##### Records provided

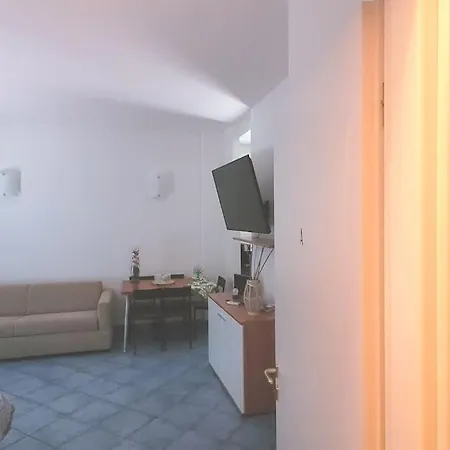 Casa Di Patty Ad A 20 Metri Dal Mare ألاسيو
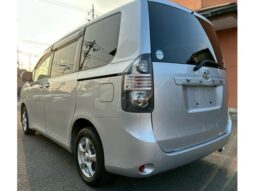 
										TOYOTA VOVY 2008 full									
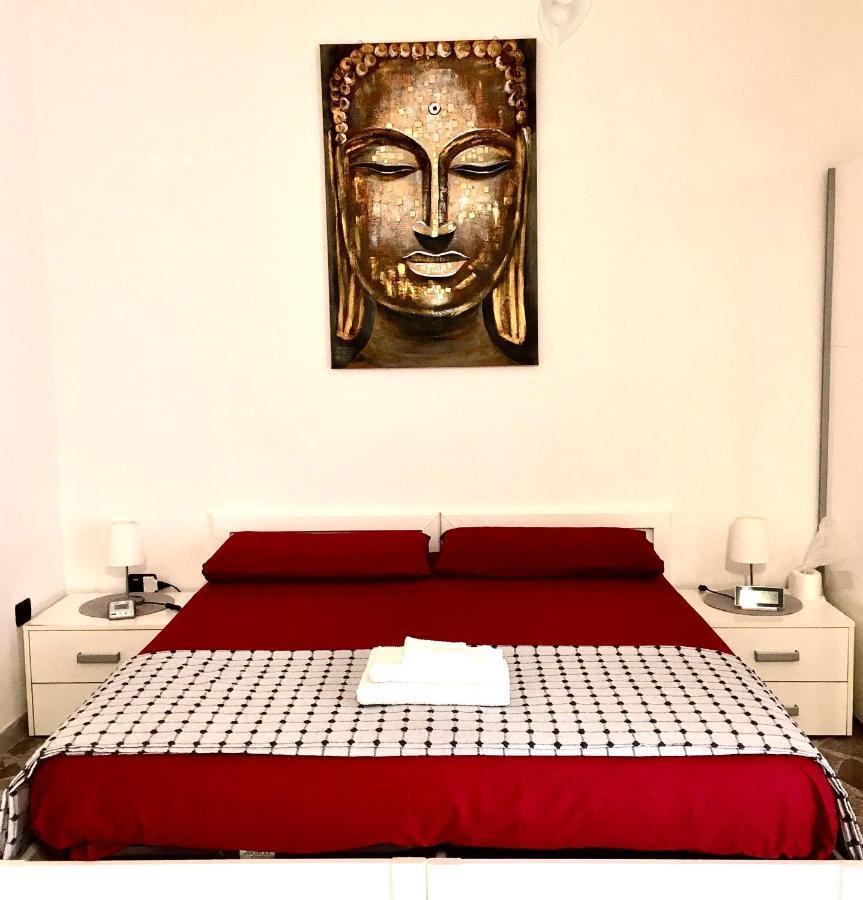 Hotel Blackboard House Bari Esterno foto
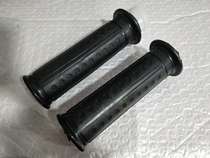 Mens motorcycle accessories double cylinder big Prince CM125 Chunlan Tiger hand glue left and right handle rubber sleeve throttle handle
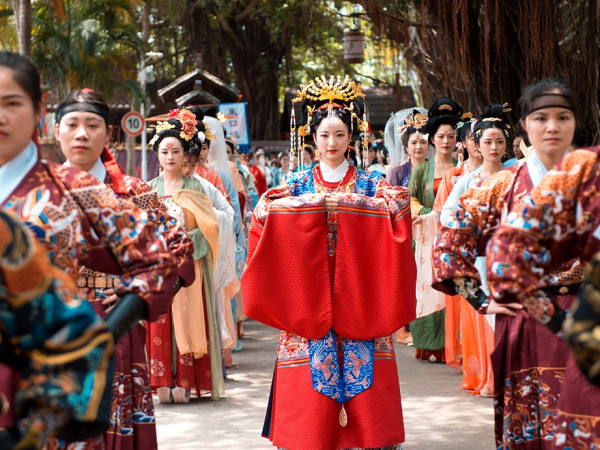 過年北上攻略2026｜農曆新年返大陸深圳貼士！有咩好去處？商場餐廳會否開？附地鐵/口岸開放時間 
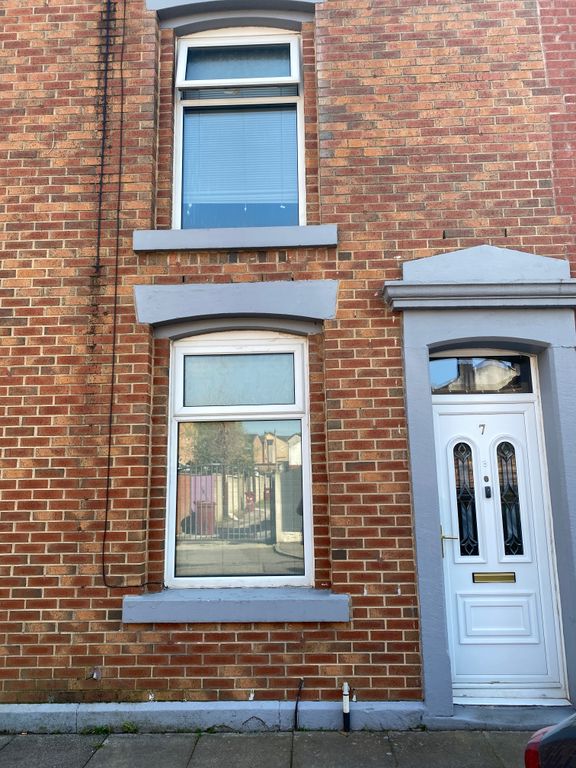 2 bed terraced house for sale in Norfolk Street, Blackburn BB2, £84,950
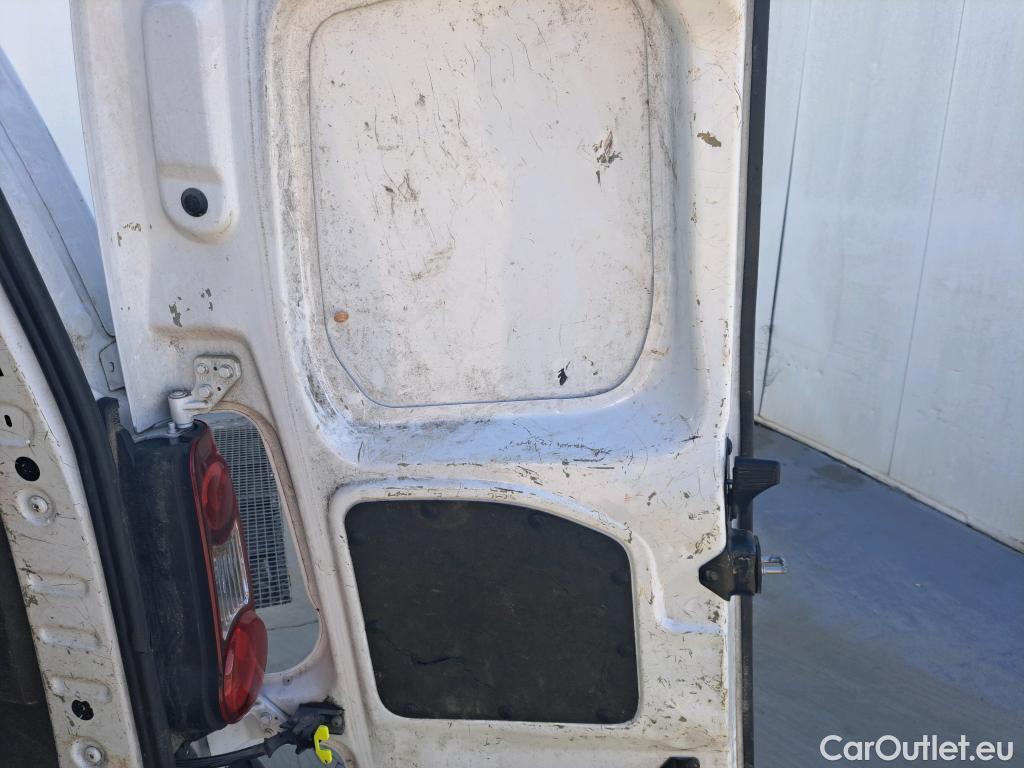  Peugeot  Partner PEUGEOT  / 2015 / 3P / furgón derivado de turismo Furgón Confort L1 BlueHDi 73KW (100CV) #96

##########

= Work order =
If a line falls between the one containing "TOYOTA VOVY 2008 full" and the last line of the entries above, both included, reproduce it exactly; leave the pictures out.

= Result =
										TOYOTA VOVY 2008 full									
 Hotel Blackboard House Bari Esterno foto
 Mens motorcycle accessories double cylinder big Prince CM125 Chunlan Tiger hand glue left and right handle rubber sleeve throttle handle
 過年北上攻略2026｜農曆新年返大陸深圳貼士！有咩好去處？商場餐廳會否開？附地鐵/口岸開放時間 
 2 bed terraced house for sale in Norfolk Street, Blackburn BB2, £84,950
  Peugeot  Partner PEUGEOT  / 2015 / 3P / furgón derivado de turismo Furgón Confort L1 BlueHDi 73KW (100CV) #96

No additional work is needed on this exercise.